Task -
The records follow. Copy them exactly, but omit the pictures.

Excerpted data -
○ ○ ○ ○
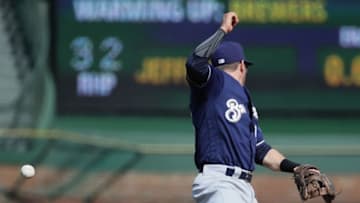 CHICAGO, IL - APRIL 27: Eric Sogard #18 of the Milwaukee Brewers looses the ball in the 7th inning against the Chicago Cubs at Wrigley Field on April 27, 2018 in Chicago, Illinois. (Photo by Jonathan Daniel/Getty Images)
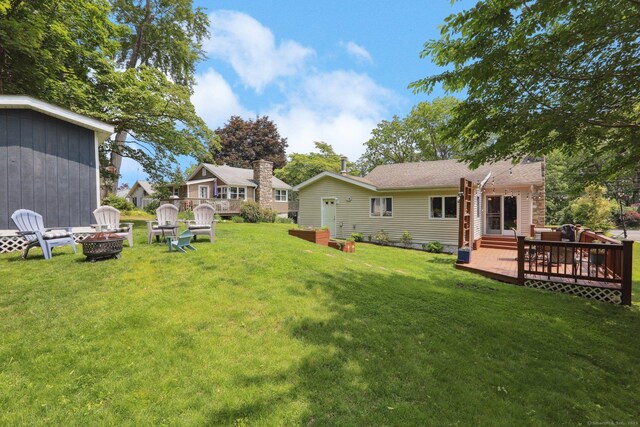 52 Berkshire Dr, Brookfield, CT 06804 - view of green lawn with a fire pit and a wooden deck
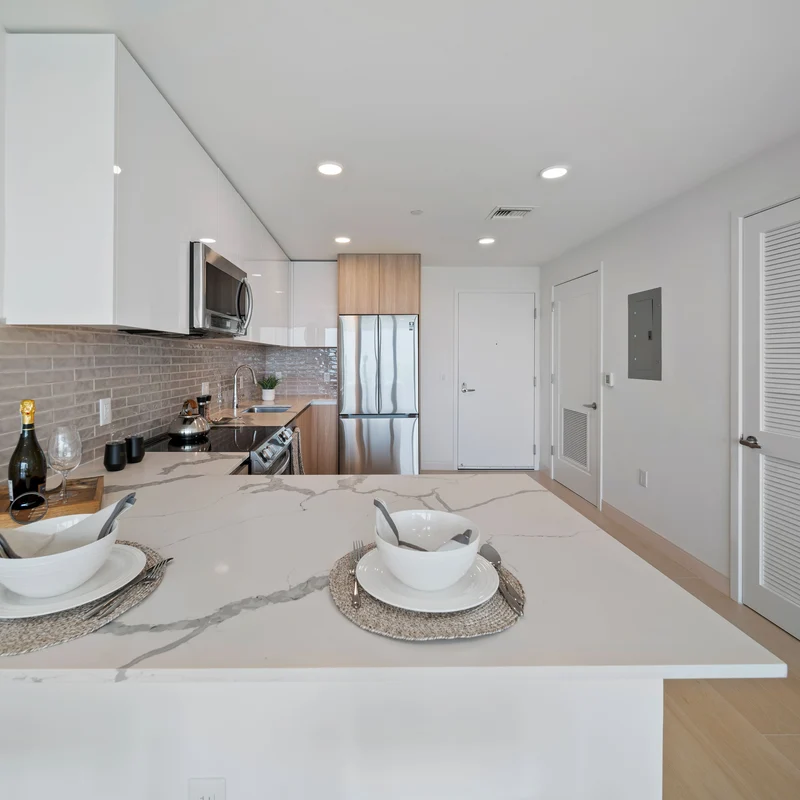 Modern Kitchen Interior A contemporary kitchen featuring a large island with two bowls, sleek cabinets, stainless steel appliances, and a light-colored backsplash.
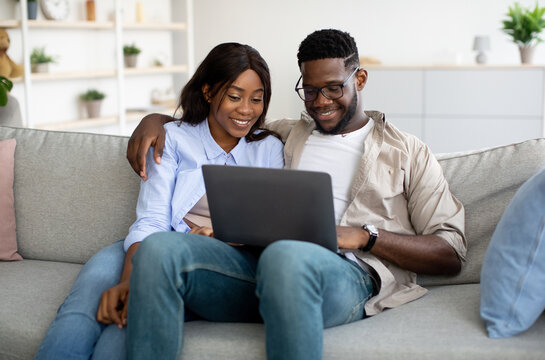 Portrait of African American couple using laptop at home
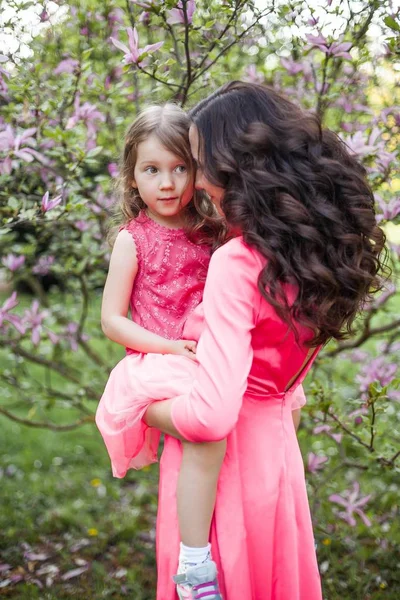 Uma jovem mãe bonita com uma filha pequena está andando ao longo do parque da primavera. Retrato de uma mãe e uma filha perto da magnólia florescente. Primavera. Uma família feliz. Calor . — Fotografia de Stock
○ ○ ○ ○
Exercise result -
 CHICAGO, IL - APRIL 27: Eric Sogard #18 of the Milwaukee Brewers looses the ball in the 7th inning against the Chicago Cubs at Wrigley Field on April 27, 2018 in Chicago, Illinois. (Photo by Jonathan Daniel/Getty Images)
 52 Berkshire Dr, Brookfield, CT 06804 - view of green lawn with a fire pit and a wooden deck
 Modern Kitchen Interior A contemporary kitchen featuring a large island with two bowls, sleek cabinets, stainless steel appliances, and a light-colored backsplash.
 Portrait of African American couple using laptop at home
 Uma jovem mãe bonita com uma filha pequena está andando ao longo do parque da primavera. Retrato de uma mãe e uma filha perto da magnólia florescente. Primavera. Uma família feliz. Calor . — Fotografia de Stock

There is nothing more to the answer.